Ten years ago, my show, Such Good Friends, was chosen for presentation in the New York Musical Theatre Festival. Would Matthew review my show, risking a rift like the one in Critic’s Choice? Nope. This wasn’t the first time Matthew had dealt with a friend on the other end of his microscope. He’d recuse himself, but would make sure another critic covered my show. He’d also write a feature about the show before it opened. Privately, he told me that he’d very much enjoyed. Then, at the end of the year, the Talkin’ Broadway reviewers named the best musicals they’d seen in any festival that year. And the winners were:

  • Bash’d – Awarded by Dan Bacalzo
  • The Seven-Year B*tch – Awarded by Peter Filichia
  • Unlock’d – Awarded by Matthew Murray
  • Such Good Friends – Awarded by Linda Tullberg

Talk about win-win! Matthew (and Peter Filichia) honored friends of mine, and I got the same honor from a stranger.

If the past few paragraphs have seemed like a valedictory, it’s because my astute old friend has decided to exit, to give up his position as reviewer of theatre for something that (I assume) pays a whole lot better. His last review posted a couple days ago. And what comes to mind is a news story I recently read about a public library somewhere in the northwest closing its doors. This great wealth of knowledge will no longer be part of my ongoing schooling. (I’ll also miss David Cote in Time Out New York.)

One bit of wisdom I’d picked up from Matthew is that Jesse Green, of New York Magazine, is another really good critic. And here you don’t have to take my word for it, or Matthew’s. The New York Times chose Green to replace Isherwood, which is good news for those of us who like good writing. The Times, “The Paper of Record,” sees itself as a meritocracy. Only the best get to work there. And yet, there was something of a hue and cry over the Green appointment. For quite a while, theatre criticism at The Times has come from white men, and there were those who’d been hoping the job would go to someone not white or not male. Before this teapot tempest, it hadn’t occurred to me Jesse Green was a white dude. (Jesse is a female character name in one of my shows.) I merely knew he was good – from reading him.
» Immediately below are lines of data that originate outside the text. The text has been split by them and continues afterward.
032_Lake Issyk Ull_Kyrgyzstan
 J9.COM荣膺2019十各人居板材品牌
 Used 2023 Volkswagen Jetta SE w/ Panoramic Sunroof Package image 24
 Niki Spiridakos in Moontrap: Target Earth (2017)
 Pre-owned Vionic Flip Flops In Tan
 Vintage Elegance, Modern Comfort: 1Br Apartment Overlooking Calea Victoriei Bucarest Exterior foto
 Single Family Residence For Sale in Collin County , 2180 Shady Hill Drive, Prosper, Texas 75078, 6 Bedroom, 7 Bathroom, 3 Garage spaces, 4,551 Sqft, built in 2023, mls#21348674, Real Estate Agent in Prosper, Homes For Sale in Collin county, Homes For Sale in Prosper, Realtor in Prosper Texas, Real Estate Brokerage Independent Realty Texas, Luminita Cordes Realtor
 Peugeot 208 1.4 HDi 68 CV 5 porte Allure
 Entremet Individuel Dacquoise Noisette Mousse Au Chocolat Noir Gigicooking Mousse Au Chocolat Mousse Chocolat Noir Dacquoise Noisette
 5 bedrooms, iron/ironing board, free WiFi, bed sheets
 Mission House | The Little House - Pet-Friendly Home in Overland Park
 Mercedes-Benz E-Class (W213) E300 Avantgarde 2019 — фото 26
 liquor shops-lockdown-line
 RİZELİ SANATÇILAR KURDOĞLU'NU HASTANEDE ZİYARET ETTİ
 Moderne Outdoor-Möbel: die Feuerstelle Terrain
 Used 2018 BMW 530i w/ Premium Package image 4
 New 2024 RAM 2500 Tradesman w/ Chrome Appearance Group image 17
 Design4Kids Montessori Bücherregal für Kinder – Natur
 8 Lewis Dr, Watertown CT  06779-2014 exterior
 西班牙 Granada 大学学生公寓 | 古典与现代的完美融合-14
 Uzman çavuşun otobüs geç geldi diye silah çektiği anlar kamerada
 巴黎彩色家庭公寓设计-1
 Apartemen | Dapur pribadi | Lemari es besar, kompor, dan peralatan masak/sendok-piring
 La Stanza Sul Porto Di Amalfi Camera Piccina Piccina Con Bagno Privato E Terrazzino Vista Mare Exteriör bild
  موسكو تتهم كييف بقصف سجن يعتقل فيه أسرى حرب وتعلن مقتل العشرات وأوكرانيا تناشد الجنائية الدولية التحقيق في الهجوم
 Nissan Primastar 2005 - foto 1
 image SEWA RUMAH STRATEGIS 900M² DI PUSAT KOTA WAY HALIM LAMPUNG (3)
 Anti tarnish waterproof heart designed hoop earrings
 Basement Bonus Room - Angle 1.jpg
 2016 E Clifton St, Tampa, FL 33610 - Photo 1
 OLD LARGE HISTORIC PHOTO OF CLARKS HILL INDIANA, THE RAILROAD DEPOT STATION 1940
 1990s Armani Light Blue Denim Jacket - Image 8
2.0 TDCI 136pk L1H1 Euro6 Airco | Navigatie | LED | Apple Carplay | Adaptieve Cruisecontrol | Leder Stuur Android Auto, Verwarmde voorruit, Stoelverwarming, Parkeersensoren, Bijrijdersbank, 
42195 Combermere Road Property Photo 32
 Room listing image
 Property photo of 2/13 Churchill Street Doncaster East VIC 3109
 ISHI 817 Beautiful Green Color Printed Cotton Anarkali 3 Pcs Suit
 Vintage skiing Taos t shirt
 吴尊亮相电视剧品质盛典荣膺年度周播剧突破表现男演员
On the other hand, there’s another critic who consistently writes perplexing sentences. The kind I read over and over, trying to figure out their meaning, and only succeed half the time. The critic’s name doesn’t reveal gender, or any particular ethnicity. The most recent review, of Hello Dolly!, spends paragraph after paragraph telling the oft-told biography of Bette Midler, as if we needed to be introduced to one of the biggest stars of our time. Had this critic been chosen by the Times, they would have gotten that much hoped-for Person of Color. But a far worse choice, I think. But what do I know? This spring this abstruse scribbler won the Pulitzer Prize for Criticism.